Except for the poor fans, who were bemoaning the $120 price tag.
CBS, being benevolent Blu-ray overlords, heard the pleas of the common folk and declared “Fine! You shall have Twin Peaks as well, you poor ragamuffins! For $70 less! But we’re taking a disc back and making the box less pretty. It’s the price you pay for poverty.”
“Whoa whoa whoa Mr. Review Guy,” I hear you say, “I don’t have any idea what you’re talking about. I just crawled out from under a rock and I don’t know what Twin Peaks is!”
Oops, Loyal Reader, you’re absolutely correct.
Twin Peaks is a 30 episode television series that originally aired in 1990 and ran for two seasons. The story centered on a murder mystery being investigated by FBI Agent Dale Cooper, whose methods were unorthodox, to say the least. Fitting in rather well with the townsfolk who all had their own secrets and idiosyncrasies, Cooper finds himself at odds with darker and more sinister forces at work…until the second season ends on a cliffhanger.
David Lynch, not wanting to leave the story unfinished, or have it make some semblance of sense, decided to make a film that would act as a prequel AND sequel called Twin Peaks: Fire Walk With Me. While appreciated by fans, the movie is largely concerned with the last hours of Laura Palmer’s life, which is far darker than anything shown on the series at that point, and with only a handful of the characters the loyal viewership has come to know and love over the course of thirty hours of television. While technically a box office bomb, the film still earned cult status because of the rumors of a four hour cut that might have someday seen the light of day. Well, it never did, but the content of that cut is on this set, hence the Missing Pieces part!
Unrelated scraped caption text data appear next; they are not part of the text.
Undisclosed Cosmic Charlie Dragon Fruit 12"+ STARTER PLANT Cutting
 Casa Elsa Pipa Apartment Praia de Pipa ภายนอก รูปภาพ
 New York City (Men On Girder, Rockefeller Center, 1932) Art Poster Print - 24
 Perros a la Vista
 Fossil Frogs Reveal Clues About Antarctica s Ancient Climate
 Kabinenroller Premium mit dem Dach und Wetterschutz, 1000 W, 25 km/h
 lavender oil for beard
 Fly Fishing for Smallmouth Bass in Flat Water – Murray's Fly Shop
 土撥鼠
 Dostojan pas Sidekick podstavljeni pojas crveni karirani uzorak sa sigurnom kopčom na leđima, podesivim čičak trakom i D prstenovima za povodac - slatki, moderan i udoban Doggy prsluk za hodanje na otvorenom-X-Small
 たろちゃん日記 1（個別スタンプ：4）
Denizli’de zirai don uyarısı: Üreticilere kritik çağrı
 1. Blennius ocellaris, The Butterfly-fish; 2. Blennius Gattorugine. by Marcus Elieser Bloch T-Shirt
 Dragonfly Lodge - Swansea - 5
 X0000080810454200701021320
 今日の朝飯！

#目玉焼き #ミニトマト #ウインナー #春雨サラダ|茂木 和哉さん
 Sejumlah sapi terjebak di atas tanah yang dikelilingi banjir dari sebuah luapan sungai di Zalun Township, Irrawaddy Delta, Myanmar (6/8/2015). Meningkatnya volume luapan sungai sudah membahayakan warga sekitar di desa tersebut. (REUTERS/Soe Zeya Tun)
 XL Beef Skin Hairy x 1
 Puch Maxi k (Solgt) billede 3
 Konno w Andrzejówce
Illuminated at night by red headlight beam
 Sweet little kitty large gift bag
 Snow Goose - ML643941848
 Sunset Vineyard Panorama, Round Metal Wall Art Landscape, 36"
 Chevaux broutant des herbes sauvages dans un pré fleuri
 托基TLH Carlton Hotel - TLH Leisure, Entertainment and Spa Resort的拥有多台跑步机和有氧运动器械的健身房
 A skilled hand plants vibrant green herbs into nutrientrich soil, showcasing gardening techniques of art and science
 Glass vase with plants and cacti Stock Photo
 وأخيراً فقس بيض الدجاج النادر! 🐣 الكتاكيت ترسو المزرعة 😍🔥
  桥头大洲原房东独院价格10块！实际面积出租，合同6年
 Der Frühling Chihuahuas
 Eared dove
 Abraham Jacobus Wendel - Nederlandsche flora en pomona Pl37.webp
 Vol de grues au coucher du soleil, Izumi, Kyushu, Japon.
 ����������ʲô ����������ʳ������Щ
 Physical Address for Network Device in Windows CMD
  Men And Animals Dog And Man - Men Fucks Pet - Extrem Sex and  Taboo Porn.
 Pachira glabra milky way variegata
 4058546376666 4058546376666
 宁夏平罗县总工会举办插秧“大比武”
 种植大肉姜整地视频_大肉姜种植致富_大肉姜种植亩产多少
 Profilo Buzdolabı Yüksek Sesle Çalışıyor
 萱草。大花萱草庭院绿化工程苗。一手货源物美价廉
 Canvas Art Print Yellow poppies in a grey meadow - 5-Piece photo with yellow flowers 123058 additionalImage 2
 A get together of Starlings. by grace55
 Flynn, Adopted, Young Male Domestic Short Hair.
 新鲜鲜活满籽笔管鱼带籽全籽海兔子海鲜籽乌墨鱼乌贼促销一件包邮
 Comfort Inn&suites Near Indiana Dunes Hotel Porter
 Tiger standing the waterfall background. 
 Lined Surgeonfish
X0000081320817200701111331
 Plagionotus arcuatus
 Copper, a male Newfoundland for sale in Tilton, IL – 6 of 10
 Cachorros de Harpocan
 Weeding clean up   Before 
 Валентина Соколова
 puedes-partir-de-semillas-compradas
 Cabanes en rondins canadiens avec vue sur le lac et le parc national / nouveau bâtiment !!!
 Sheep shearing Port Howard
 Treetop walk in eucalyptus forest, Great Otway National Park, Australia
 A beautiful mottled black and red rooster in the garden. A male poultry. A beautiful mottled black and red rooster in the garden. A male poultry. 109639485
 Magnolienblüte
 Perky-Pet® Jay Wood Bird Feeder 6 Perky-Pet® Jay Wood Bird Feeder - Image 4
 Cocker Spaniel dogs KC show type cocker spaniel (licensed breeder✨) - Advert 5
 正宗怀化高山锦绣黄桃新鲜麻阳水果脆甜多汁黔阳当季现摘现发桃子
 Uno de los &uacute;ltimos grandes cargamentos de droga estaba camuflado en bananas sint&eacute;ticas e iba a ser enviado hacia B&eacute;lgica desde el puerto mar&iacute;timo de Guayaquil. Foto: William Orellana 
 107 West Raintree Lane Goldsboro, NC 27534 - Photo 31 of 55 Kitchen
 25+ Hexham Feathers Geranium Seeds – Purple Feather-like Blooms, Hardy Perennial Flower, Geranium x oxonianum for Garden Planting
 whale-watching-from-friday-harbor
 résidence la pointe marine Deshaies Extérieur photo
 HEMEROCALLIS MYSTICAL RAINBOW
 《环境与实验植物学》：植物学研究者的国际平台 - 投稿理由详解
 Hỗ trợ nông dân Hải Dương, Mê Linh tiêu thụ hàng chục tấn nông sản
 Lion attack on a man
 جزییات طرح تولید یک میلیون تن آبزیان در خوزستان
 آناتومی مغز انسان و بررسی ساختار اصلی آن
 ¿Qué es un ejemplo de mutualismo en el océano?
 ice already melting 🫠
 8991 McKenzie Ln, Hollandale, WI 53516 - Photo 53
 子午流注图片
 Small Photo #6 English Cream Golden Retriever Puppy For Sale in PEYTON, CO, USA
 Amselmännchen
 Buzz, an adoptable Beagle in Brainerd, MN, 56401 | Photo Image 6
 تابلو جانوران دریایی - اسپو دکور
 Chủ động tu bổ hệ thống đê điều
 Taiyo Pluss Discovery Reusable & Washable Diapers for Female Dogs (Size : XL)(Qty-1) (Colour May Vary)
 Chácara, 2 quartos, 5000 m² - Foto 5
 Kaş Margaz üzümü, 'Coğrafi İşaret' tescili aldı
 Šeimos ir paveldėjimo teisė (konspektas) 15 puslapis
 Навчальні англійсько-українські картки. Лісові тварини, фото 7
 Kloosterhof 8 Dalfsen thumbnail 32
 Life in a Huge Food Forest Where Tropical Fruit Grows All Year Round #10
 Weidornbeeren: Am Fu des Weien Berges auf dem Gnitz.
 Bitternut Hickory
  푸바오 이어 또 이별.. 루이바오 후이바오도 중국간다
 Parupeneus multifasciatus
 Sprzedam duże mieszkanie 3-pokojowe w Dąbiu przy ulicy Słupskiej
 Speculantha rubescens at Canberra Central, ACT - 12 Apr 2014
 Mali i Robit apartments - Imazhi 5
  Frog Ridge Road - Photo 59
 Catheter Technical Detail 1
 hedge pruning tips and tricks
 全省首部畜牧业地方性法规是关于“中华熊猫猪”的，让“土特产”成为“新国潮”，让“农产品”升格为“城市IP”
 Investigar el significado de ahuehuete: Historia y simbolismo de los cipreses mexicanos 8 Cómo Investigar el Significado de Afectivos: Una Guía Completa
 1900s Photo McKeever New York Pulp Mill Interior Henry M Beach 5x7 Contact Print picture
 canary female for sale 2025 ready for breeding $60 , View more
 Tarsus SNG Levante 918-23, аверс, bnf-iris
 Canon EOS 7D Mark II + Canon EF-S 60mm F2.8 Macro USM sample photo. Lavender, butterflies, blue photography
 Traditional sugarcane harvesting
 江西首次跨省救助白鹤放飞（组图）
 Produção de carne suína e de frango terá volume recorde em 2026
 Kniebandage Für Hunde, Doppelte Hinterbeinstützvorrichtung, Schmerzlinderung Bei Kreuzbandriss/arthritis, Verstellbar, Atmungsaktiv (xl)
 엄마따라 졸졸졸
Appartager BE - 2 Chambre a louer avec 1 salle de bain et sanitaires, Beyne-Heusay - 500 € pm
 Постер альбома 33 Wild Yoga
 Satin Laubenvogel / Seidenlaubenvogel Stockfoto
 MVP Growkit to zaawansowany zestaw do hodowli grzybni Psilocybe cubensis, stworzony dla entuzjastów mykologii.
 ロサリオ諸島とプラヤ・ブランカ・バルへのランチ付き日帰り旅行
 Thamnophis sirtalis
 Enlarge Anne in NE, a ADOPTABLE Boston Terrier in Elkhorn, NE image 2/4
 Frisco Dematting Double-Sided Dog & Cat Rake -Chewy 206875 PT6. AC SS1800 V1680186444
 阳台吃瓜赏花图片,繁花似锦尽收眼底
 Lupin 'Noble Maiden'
Now, all kidding aside, even though it’s missing the disc of bonus features, this is still a solid set, and budget priced for the consumer. You’ve still got hours of content to get through and the 90 minutes of deleted scenes from the Fire Walk With Me film are the Holy Grail for Peakers (I don’t know if that’s an actual name for Twin Peaks fans, but if it’s not, I’m making it one.) The box is also a standard nine disc keepcase with a slipbox, forgoing the beautiful and intricate set that was originally offered. Also, the audio sync issues that plagued the original have been corrected for this set, so no worries on that front. It’s still missing the episode commentaries that were present on the season one DVD release, but those weren’t present on The Gold Box DVD release either.
Long story short: If you want to save a few bucks, buy this set. It still has some special features, like the Log Lady intros, but it isn’t as comprehensive as the Twin Peaks: The Entire Mystery set.